La Cour de justice de l’Union européenne, dans un arrêt rendu le 27 octobre 2022, précise les critères de qualification des denrées alimentaires destinées à des fins médicales spéciales. Le litige oppose une association de protection des consommateurs à une entreprise commercialisant des préparations présentées comme répondant à des besoins nutritionnels spécifiques. La juridiction de renvoi s’interroge sur la frontière séparant ces denrées des compléments alimentaires et des médicaments, eu égard aux caractéristiques intrinsèques des produits. Saisie par la Cour fédérale de justice d’Allemagne le 27 mai 2021, la Cour doit déterminer si la notion de besoins nutritionnels suppose une action digestive. La solution retenue impose d’apprécier si le produit répond à des besoins « indispensables au patient d’un point de vue nutritionnel » plutôt qu’à une action purement pharmacologique. L’analyse portera d’abord sur la définition des besoins nutritionnels avant d’examiner l’articulation entre les différentes catégories juridiques de produits.

I. La délimitation conceptuelle des denrées alimentaires destinées à des fins médicales spéciales

A. L’autonomie du critère des besoins nutritionnels

La Cour souligne que la notion de besoins nutritionnels recouvre des nécessités causées par une maladie dont la satisfaction est indispensable pour le patient. Cette définition exige d’identifier si le produit est destiné à « répondre à des besoins nutritionnels particuliers » ou à modifier artificiellement des fonctions physiologiques. L’appréciation s’opère in concreto, en tenant compte de la nature et des caractéristiques propres du produit concerné par la demande de qualification. Le juge européen écarte une interprétation restrictive qui limiterait ces besoins aux seules situations d’impossibilité totale de consommer une nourriture habituelle ou ordinaire. La modification du régime alimentaire inclut ainsi les cas où le patient ne peut que « très difficilement satisfaire ses besoins » avec des aliments courants.

B. L’indifférence du processus métabolique de digestion

La qualification d’une denrée n’est pas subordonnée à la condition que l’effet du produit ait nécessairement lieu « au cours ou à la suite de la digestion ». Cette précision fondamentale permet d’inclure des produits dont l’assimilation ne suit pas le parcours digestif classique mais remplit une fonction nutritive essentielle. La Cour clarifie que le règlement n’exige pas un lien temporel ou biologique strict avec le transit intestinal pour valider la nature alimentaire. En l’absence de définition propre du nutriment dans le texte spécifique, il convient de se référer aux dispositions du règlement relatif à l’information des consommateurs.
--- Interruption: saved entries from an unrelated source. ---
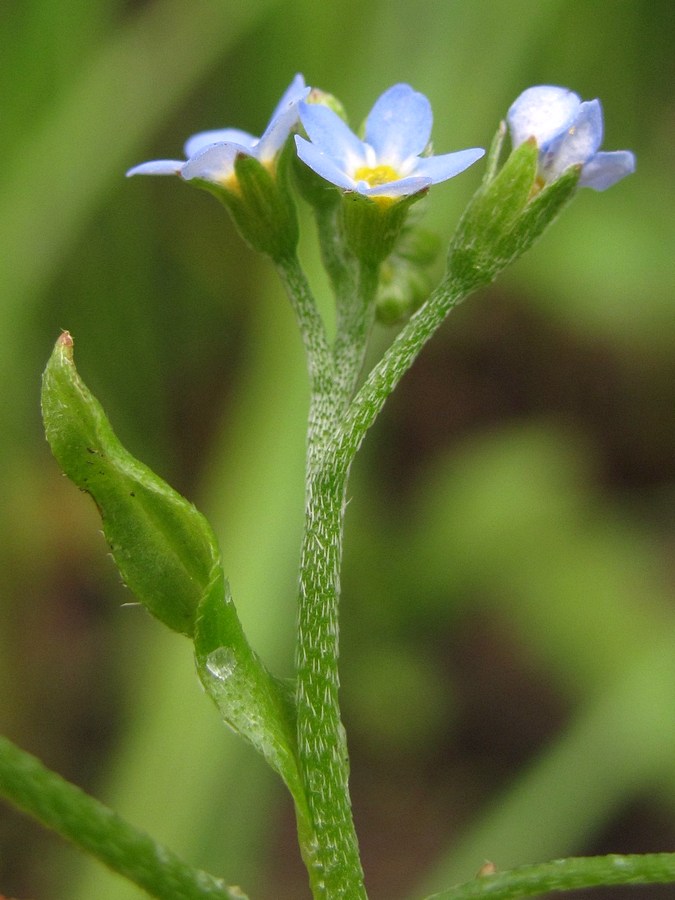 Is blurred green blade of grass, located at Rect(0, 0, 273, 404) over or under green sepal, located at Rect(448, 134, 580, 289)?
over

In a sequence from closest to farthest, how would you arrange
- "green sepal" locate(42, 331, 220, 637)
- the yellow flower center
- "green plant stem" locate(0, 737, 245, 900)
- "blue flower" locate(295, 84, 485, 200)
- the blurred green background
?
"green plant stem" locate(0, 737, 245, 900)
"green sepal" locate(42, 331, 220, 637)
"blue flower" locate(295, 84, 485, 200)
the yellow flower center
the blurred green background

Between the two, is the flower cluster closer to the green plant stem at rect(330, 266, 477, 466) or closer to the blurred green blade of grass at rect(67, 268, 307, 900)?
the green plant stem at rect(330, 266, 477, 466)

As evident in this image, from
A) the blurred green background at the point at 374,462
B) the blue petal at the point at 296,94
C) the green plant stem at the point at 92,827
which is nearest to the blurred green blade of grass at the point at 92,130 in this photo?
the blurred green background at the point at 374,462

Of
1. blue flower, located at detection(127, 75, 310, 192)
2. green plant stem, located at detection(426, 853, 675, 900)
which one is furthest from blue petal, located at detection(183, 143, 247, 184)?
green plant stem, located at detection(426, 853, 675, 900)

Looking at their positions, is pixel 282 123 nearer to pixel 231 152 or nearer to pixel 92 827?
pixel 231 152

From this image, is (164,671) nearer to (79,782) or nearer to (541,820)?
(79,782)

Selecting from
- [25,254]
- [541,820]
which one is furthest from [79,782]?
[25,254]

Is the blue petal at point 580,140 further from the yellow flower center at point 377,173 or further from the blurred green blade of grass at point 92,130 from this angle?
the blurred green blade of grass at point 92,130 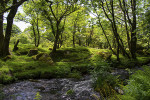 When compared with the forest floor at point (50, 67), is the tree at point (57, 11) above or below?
above

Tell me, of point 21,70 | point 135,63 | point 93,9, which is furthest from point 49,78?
point 135,63

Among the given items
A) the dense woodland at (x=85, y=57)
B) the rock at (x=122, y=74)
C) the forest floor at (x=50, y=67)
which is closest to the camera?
the dense woodland at (x=85, y=57)

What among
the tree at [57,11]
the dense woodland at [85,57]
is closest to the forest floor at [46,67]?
the dense woodland at [85,57]

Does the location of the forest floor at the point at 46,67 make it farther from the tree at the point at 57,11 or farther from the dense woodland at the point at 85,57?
the tree at the point at 57,11

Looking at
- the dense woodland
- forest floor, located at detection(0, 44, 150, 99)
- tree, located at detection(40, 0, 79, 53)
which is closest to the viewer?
the dense woodland

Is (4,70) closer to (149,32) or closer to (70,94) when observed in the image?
(70,94)

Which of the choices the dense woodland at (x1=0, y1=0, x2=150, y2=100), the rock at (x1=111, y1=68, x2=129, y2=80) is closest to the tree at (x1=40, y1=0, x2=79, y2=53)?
the dense woodland at (x1=0, y1=0, x2=150, y2=100)

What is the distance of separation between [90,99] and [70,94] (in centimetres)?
144

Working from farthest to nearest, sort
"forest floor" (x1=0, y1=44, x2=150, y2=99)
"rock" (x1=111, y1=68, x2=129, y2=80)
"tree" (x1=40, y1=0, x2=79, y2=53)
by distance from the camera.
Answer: "tree" (x1=40, y1=0, x2=79, y2=53), "rock" (x1=111, y1=68, x2=129, y2=80), "forest floor" (x1=0, y1=44, x2=150, y2=99)

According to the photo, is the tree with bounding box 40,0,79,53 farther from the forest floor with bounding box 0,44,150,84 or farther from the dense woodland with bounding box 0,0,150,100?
the forest floor with bounding box 0,44,150,84

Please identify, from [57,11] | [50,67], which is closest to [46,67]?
[50,67]

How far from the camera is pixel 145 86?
3852mm

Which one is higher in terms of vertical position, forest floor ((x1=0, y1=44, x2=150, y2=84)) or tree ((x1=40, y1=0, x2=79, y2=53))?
tree ((x1=40, y1=0, x2=79, y2=53))

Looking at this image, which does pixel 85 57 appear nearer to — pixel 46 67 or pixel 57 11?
pixel 46 67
Cette approche assure une cohérence globale du droit alimentaire européen en harmonisant les définitions techniques entre les différents textes législatifs en vigueur.
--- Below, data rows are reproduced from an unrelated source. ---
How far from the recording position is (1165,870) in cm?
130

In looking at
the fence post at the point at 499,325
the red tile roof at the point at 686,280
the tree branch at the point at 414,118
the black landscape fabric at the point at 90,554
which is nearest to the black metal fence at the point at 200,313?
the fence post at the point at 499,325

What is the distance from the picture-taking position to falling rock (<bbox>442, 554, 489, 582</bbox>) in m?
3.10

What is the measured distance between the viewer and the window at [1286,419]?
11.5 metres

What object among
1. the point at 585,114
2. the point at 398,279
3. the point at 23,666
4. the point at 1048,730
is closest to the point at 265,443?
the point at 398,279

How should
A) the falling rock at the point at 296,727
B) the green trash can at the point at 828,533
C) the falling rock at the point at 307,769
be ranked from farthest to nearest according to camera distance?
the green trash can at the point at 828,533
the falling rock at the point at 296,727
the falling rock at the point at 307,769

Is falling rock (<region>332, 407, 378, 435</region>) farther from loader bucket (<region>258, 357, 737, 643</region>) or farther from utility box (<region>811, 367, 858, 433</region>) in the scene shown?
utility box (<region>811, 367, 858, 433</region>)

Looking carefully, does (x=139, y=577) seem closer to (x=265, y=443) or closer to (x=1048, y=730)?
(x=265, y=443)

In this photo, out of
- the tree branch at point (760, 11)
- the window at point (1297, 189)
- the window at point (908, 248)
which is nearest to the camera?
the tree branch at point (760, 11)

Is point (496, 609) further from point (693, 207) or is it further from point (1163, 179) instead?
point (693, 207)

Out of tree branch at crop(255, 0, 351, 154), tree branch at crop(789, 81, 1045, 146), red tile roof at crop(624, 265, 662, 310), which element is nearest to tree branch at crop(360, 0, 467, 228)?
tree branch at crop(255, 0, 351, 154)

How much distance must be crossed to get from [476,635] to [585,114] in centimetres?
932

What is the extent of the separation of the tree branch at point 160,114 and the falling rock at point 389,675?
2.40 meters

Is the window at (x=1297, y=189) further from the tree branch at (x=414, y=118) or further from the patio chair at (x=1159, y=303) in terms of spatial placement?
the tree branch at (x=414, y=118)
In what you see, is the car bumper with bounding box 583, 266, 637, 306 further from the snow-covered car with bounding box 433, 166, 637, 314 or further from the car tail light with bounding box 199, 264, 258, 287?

II. Le régime de qualification exclusive face aux produits frontières

A. La distinction impérative avec les médicaments et compléments

Les notions de complément alimentaire et de denrée destinée à des fins médicales spéciales sont présentées comme étant rigoureusement exclusives l’une de l’autre. La Cour impose de déterminer « au cas par cas et en fonction des caractéristiques » si un produit relève d’une catégorie juridique ou de l’autre. Cette distinction repose sur la finalité du produit, lequel doit soit prévenir une maladie par action pharmacologique, soit corriger une carence nutritionnelle. Il s’agit de protéger le consommateur en évitant que des produits thérapeutiques ne contournent les procédures strictes d’autorisation de mise sur le marché. Le juge privilégie une approche fonctionnelle où l’action métabolique ou immunologique signe l’appartenance irrévocable du produit au domaine réservé de la pharmacopée.
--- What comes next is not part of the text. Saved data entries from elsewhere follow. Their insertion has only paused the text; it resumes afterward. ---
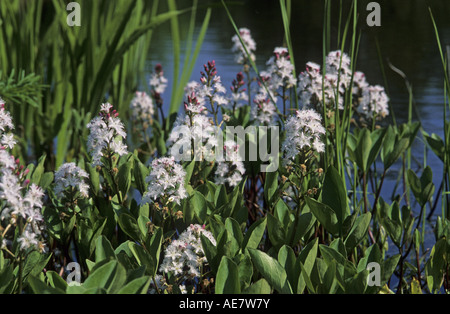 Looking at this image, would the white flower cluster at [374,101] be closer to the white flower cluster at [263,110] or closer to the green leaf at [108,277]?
the white flower cluster at [263,110]

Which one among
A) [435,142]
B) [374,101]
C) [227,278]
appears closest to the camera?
[227,278]

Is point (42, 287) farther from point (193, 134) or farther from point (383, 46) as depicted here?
point (383, 46)

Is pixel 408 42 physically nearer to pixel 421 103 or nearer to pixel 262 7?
pixel 421 103

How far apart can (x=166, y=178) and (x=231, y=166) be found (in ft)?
1.74

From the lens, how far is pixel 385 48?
5.15 m

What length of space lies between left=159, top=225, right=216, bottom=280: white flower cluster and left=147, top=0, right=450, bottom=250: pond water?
52.0 inches

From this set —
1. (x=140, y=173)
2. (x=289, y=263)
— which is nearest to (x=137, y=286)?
(x=289, y=263)

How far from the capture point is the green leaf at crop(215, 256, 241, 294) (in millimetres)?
1380

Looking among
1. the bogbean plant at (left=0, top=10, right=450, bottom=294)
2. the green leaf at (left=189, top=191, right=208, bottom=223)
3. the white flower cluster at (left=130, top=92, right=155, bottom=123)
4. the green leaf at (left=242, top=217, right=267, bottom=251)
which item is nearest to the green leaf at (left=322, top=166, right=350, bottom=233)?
the bogbean plant at (left=0, top=10, right=450, bottom=294)

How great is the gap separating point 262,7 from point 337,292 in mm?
7461

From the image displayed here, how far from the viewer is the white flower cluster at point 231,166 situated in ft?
6.82

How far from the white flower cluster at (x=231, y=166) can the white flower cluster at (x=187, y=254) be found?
1.55 ft

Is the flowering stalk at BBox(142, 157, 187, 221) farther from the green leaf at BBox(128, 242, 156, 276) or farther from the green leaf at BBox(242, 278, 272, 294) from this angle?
the green leaf at BBox(242, 278, 272, 294)
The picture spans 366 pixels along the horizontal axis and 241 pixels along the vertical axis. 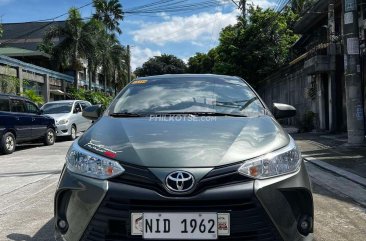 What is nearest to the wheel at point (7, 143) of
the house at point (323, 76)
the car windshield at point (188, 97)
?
Result: the car windshield at point (188, 97)

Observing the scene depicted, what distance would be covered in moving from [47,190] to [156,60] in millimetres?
72393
B. La portée relative de l’exigence du contrôle médical

L’utilisation sous contrôle médical est requise lorsque la recommandation d’un professionnel de santé est nécessaire au regard des besoins particuliers engendrés par l’état pathologique. Toutefois, cette exigence de surveillance n’est pas considérée par le juge de l’Union comme une « condition de qualification d’un produit » en tant que telle. Le contrôle médical intervient comme une conséquence de la dangerosité ou de la spécificité du produit plutôt que comme un critère de sa définition légale. Cette nuance protège la qualification des denrées même si le patient accède au produit sans une prescription médicale préalable ou obligatoire dans certains contextes. La sécurité du patient demeure l’objectif central, garantissant que les effets du produit sur les besoins nutritionnels soient évalués par des autorités compétentes.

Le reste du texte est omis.